A mechanistic approach on the curing kinetics of benzoxazine-filled oxygen plasma treated graphene nanosheets

Abstract

The present study aims to improve the understanding of the role of plasma treated graphene nanosheets on the curing characteristics of benzoxazine nanocomposites. As-synthesized benzoxazine monomers were well characterized by Nuclear Magnetic Resonance (NMR) as well as Fourier-transform infrared (FT-IR) spectroscopy. Also, the plasma treatment was utilized to alter the surface chemistry of graphene nanosheets (GNSs).
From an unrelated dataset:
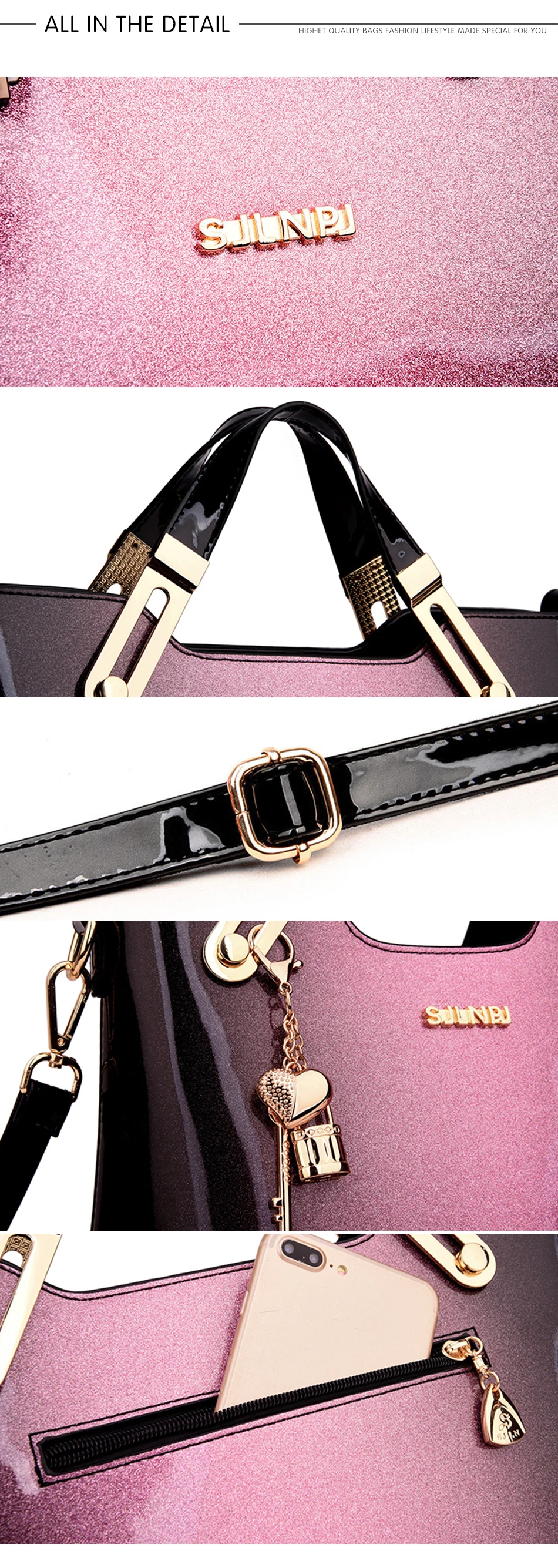Новая роскошная женская сумка из лакированной кожи, дизайнерская сумка через плечо, Высококачественная Брендовая женская сумка на плечо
Differential Scanning Calorimetry (DSC) revealed that the incorporation of GNSs into benzoxazine resin drastically reduces the curing peak temperature (Tc) and hence the enthalpy of curing reaction (∆Hc) to about 43 °C and 91 J g−1, respectively. It was found that GNSs act differently below and above 1 wt% due to their percolation threshold. The obtained activation energies (Ea) by Kissinger and Ozawa model were lower than those calculated by other researchers yet, not significantly different with each other. Then the iso-conversional model of Freidman showed that Ea of the nanocomposite varies during benzoxazine polymerization and these changes directly attributed to the evolutional rearrangement of polybenzoxazine network in the presence of GNSs and were differentiated by three regions through which the mechanistic interpretations of various phenomena can be highlighted.